O povo ria, brincando: “Só sendo o seu Feliciano mesmo”. A freguesia caçoava e ele com o mesmo humor de sempre:

- Seu Feliciano, o senhor deixa uma carteira de cigarro por R$ 1,50?
- Deixo!
- toma aí então, pega uma lá pra mim.
- Pego não.
- Como assim? O senhor disse que deixava por esse valor.
- Pois é. Eu disse e deixo, mas é na prateleira.

Papai também era conhecido pelo seu potencial de reprodutor: o número de 12 filhos deu a ele a fama de fabricante de menino. E esse feito era motivo de muitas histórias.

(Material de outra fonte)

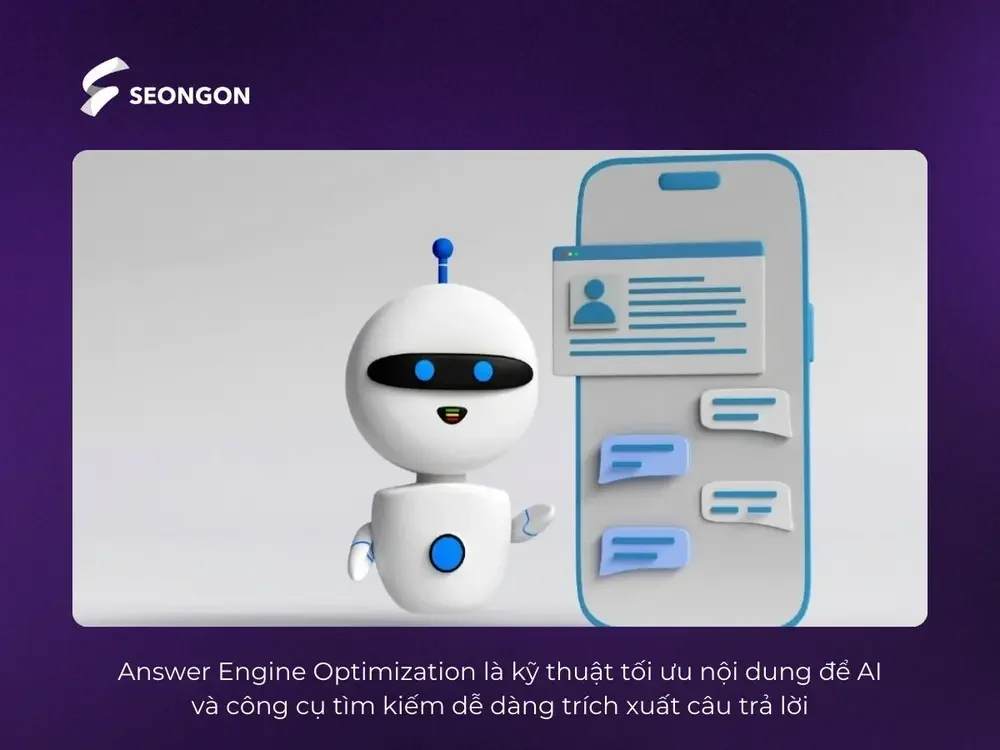 AEO là một nhánh tiên tiến của SEO với khả năng tối ưu hóa công cụ trả lời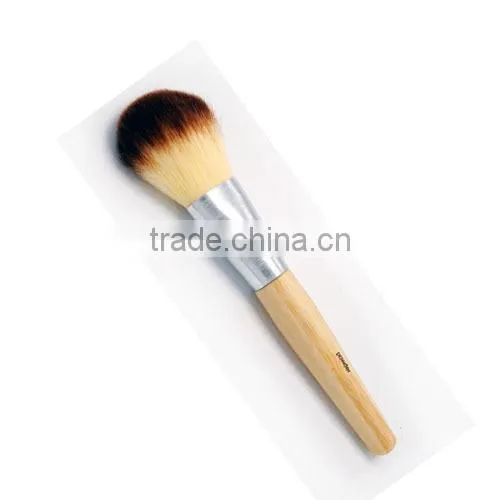 Face Use Bamboo Handle Synthetic Hair Powder Power Brush photo-2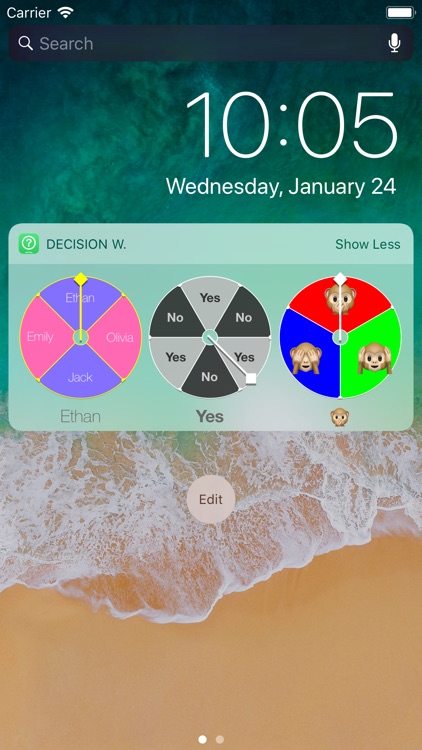 Decision Widget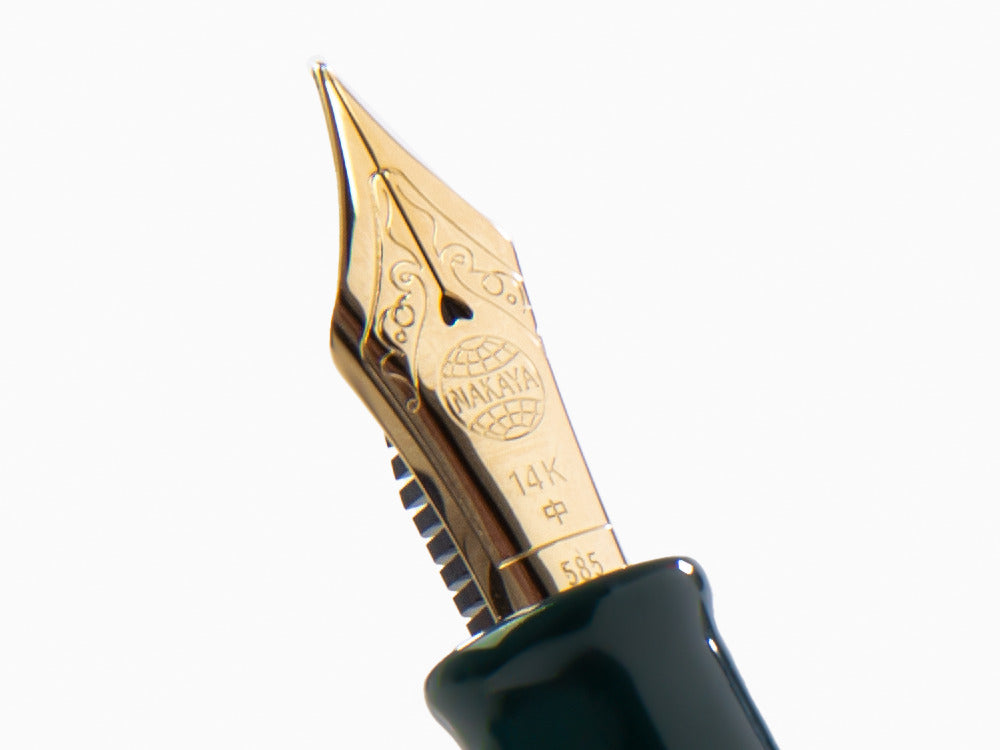 Nakaya Writer Midori Portable Fountain Pen, Ebonite and Urushi lacquer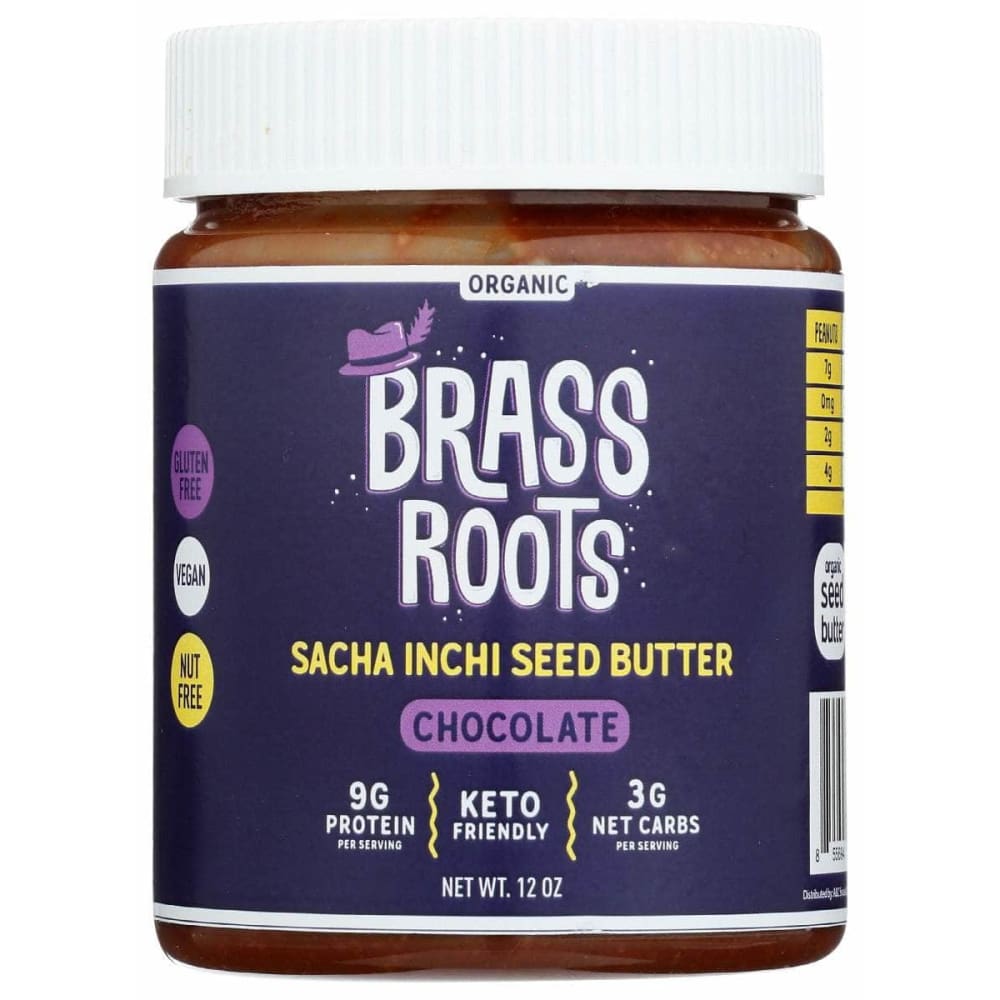 BRASS ROOTS Grocery > Pantry BRASS ROOTS: Chocolate Sacha Inchi Seed Butter, 12 oz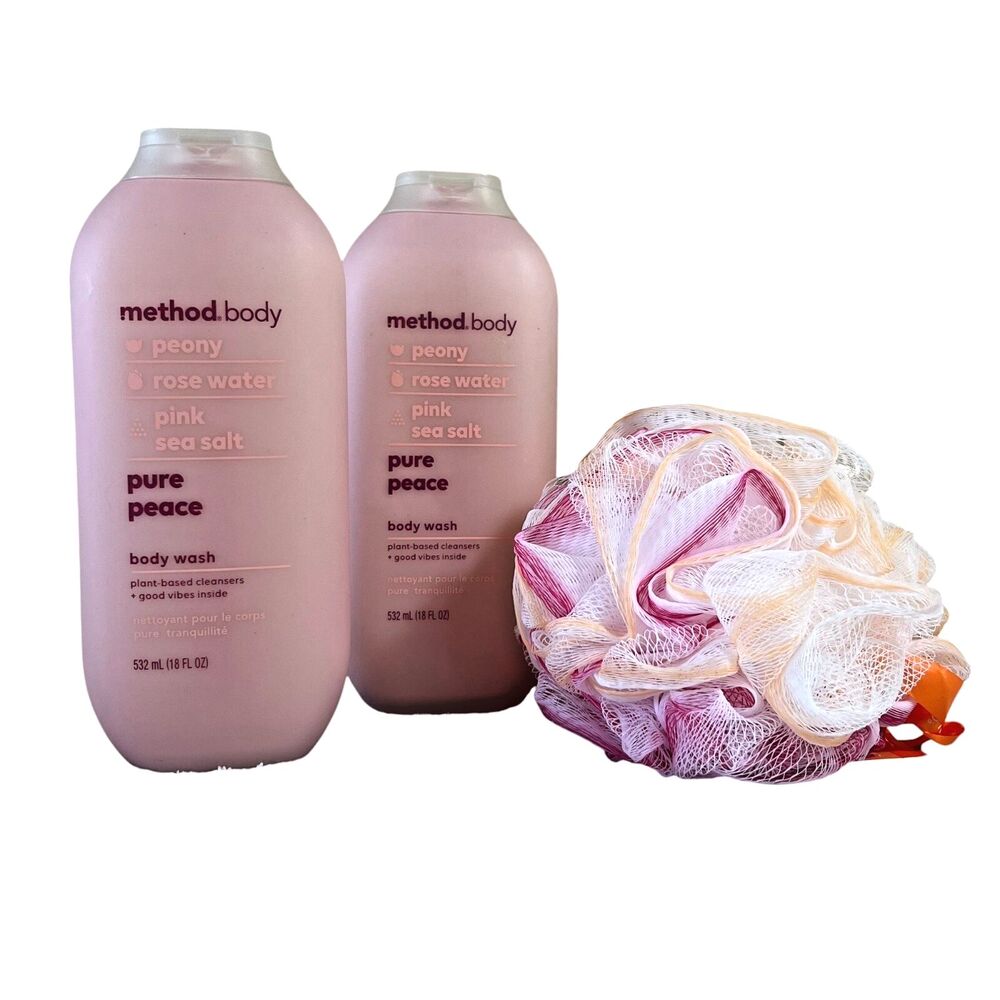 Method Body Wash Women Pure Peace (18 oz. ea.) Bundle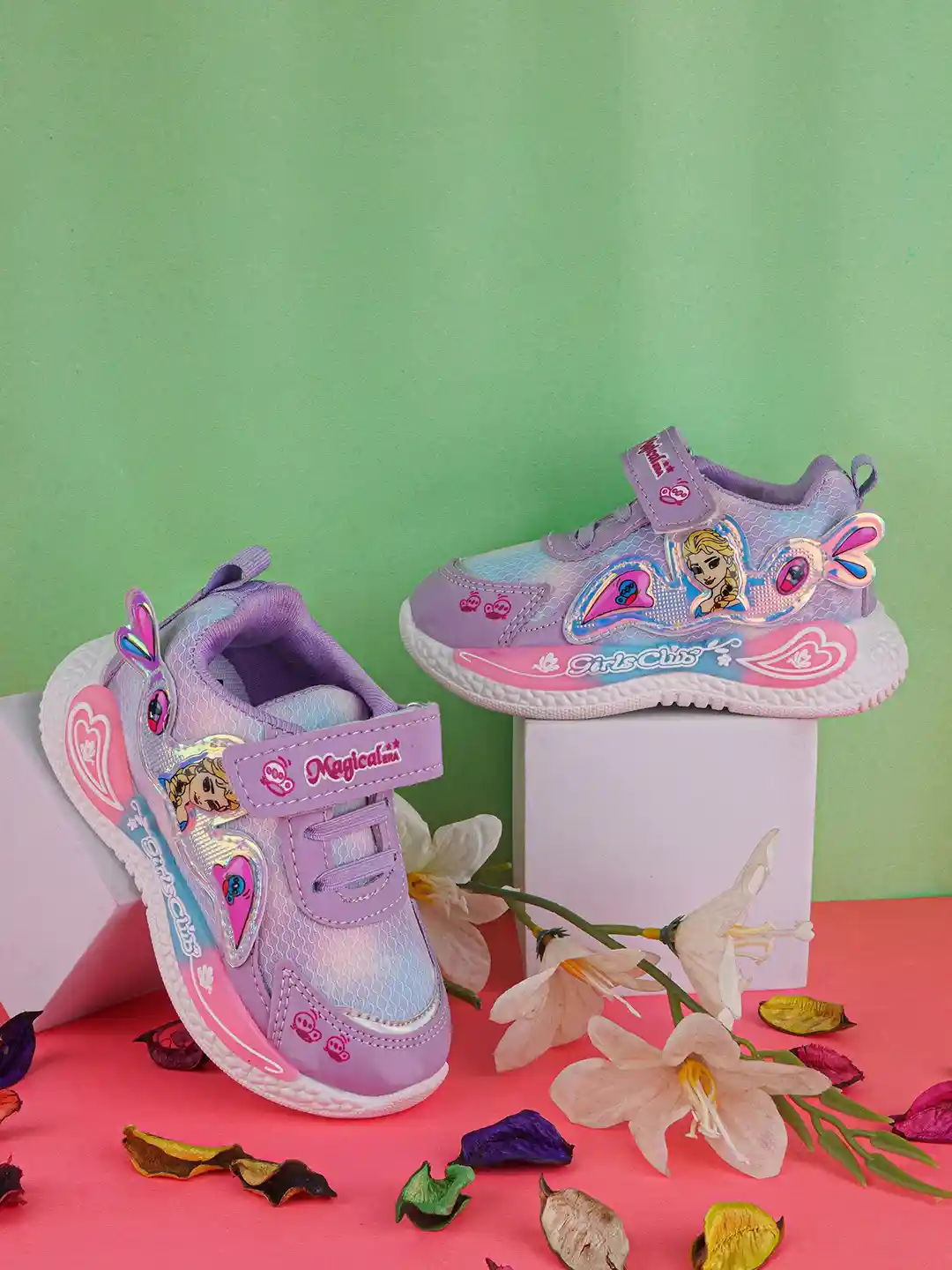 BAESD Girls Barbie Woven Design Sneakers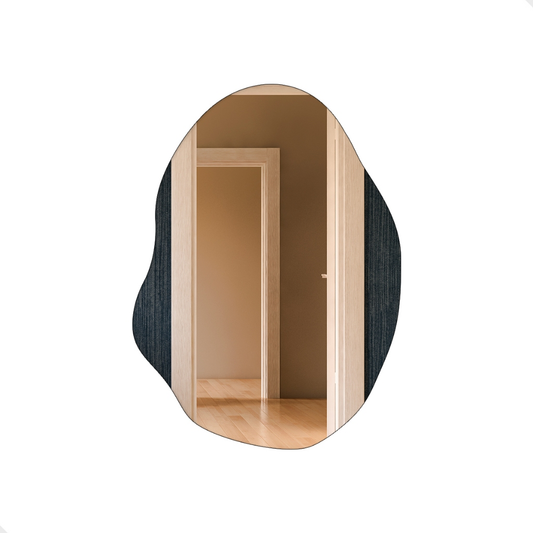 Espelho Pinterest Retrô Lapidado Orgânico 55x75cm de Parede Minimalista Banheiro Hall Entrada Lavabo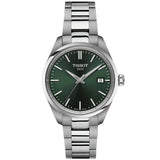Buy Shop Tissot PR 100 Quartz Green Dial Silver Steel Strap Watch for Women - T150.210.11.091.00 USA Online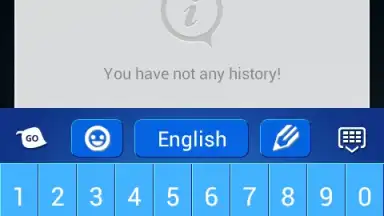 Captura de tela de Blue Keyboard 4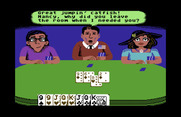 Card Sharks for Commodore 64 - Hearts in progress...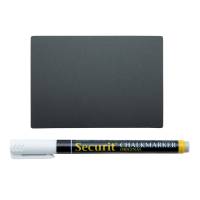 Targhette - 7,4 x 10,5 cm - A7 - nero - set 20 pezzi - Securit - TAG-A7-WT - 8718226491459 - DMwebShop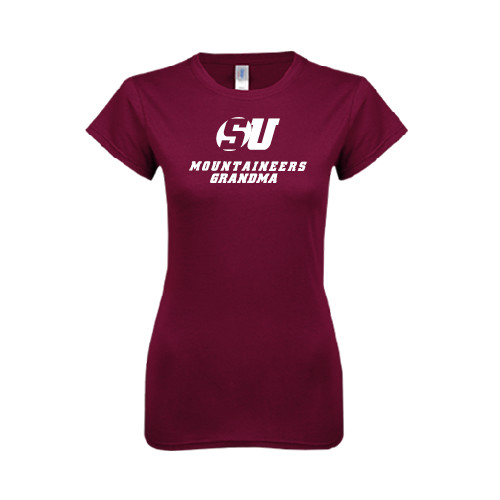  Next Level Womens Maroon Boyfriend Tee - Grandma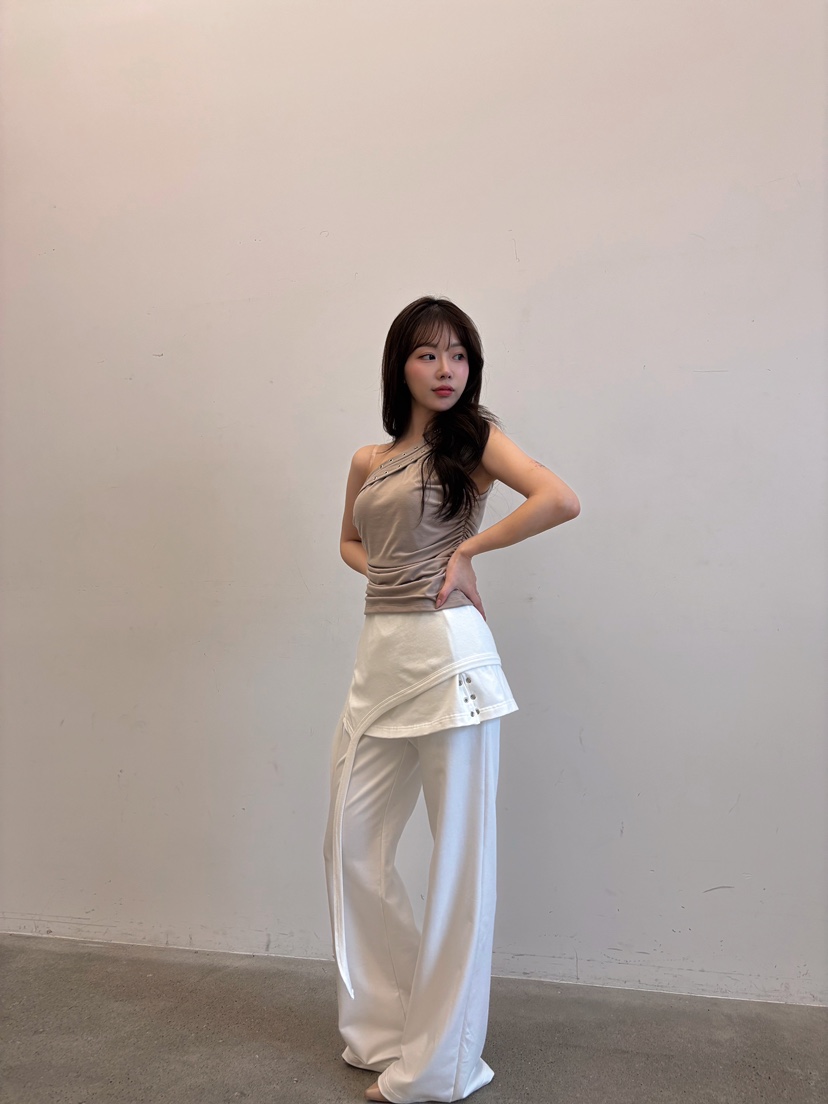 TOO HOT韓國代購女裝新品推薦26春夏時尚熱賣休閑裙褲鏤空TOO HOT裙褲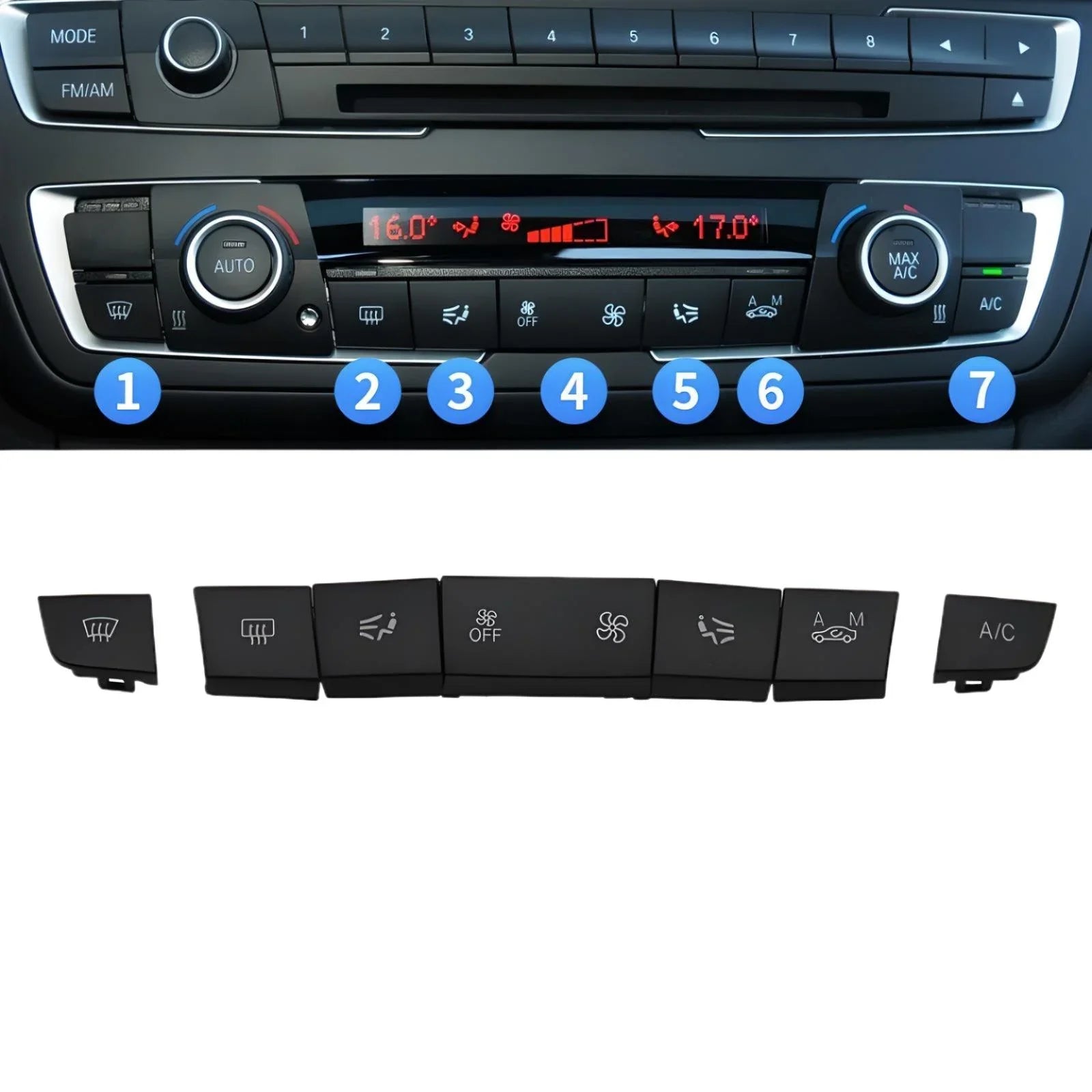 BMW Dashboard Buttons | 1 2 3 4 Series F Chassis (2013 - 2018)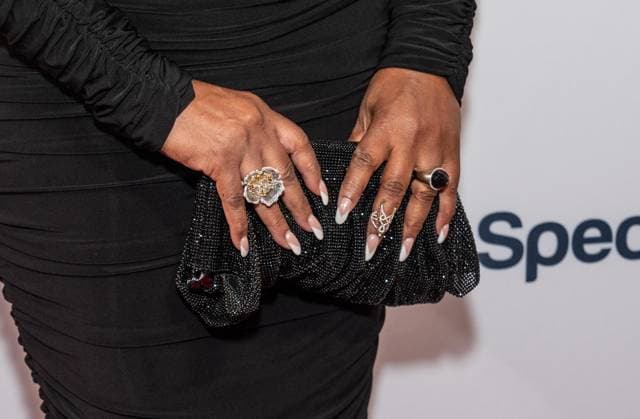 November 18, 2025, Bronx, New York, USA: Vivica A. Fox (jewelry detail) attends Lifetime Celebrates Annual It s a Wonderful Lifetime Holiday Movie Slate at Overlook at Winter Village Bryant Park in New York, NY on November 18, 2025 Bronx USA - ZUMAr339 20251118_znp_r339_034 Copyright: xLevxRadinx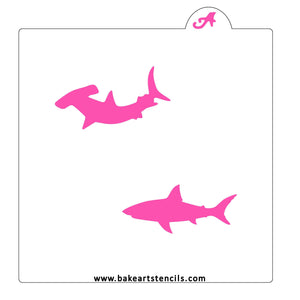 Sharks Cookie Stencil bakeartstencil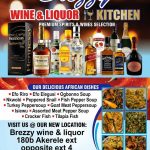 Fun Spot : Brezzy Wine & Liquor Kitchen Opens in Surulere With A Blend of Premium Drinks And African Dishes   By Alhaji Arems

Na festividade de Santa Luzia, um compadre seu perguntou qual a melhor lua pra se plantar mandioca e ele, na bucha: “A lua de mel!”. Um amigo de um amigo, no almoço do leilão, assustou-se ao ver a mesa gigantesca e cheia de menino.

O rapaz, impressionado, perguntou:
- Tudo isso é filho seu, Felício?
- Todos não, só os bonitos. O resto é filho de amigo.

Esse meu pai. Dia desses, quase sai confusão por causa dessas piadinhas. Contam os espectadores que uma senhora estava lá na taberna esperando o ônibus, perguntou ao vendedor de suco mais ilustre do 47:

- Seu Feliciano, que horas são?
Ele olhou o relógio e se desculpando informou:
- Não posso lhe informar porque meu relógio está parado.
- Assim não adianta! Retrucou a viajante.
- E nem atrasa. Eu disse que está parado. A senhora não entendeu?

Esse jeitão bem humorado fez dele um mito, uma espécie de lenda viva e foi o que permitiu com que o boteco sobrevivesse a toda a modernidade da concorrência. Para o seu Felício não tem tempo ruim não! Está sempre tirando sarro de tudo e fazendo piada da vida alheia. Grande homem, o meu pai. Me orgulha muito ser sua filha e saber que ele contribuiu muitíssimo para a história de nosso lugar. Sei que sem ele, Santa Luzia não seria a mesma - e nem eu, é claro! Te amo muito pai! Meu exemplo de honestidade, ética e serenidade. És um grande homem, bem sabes disso!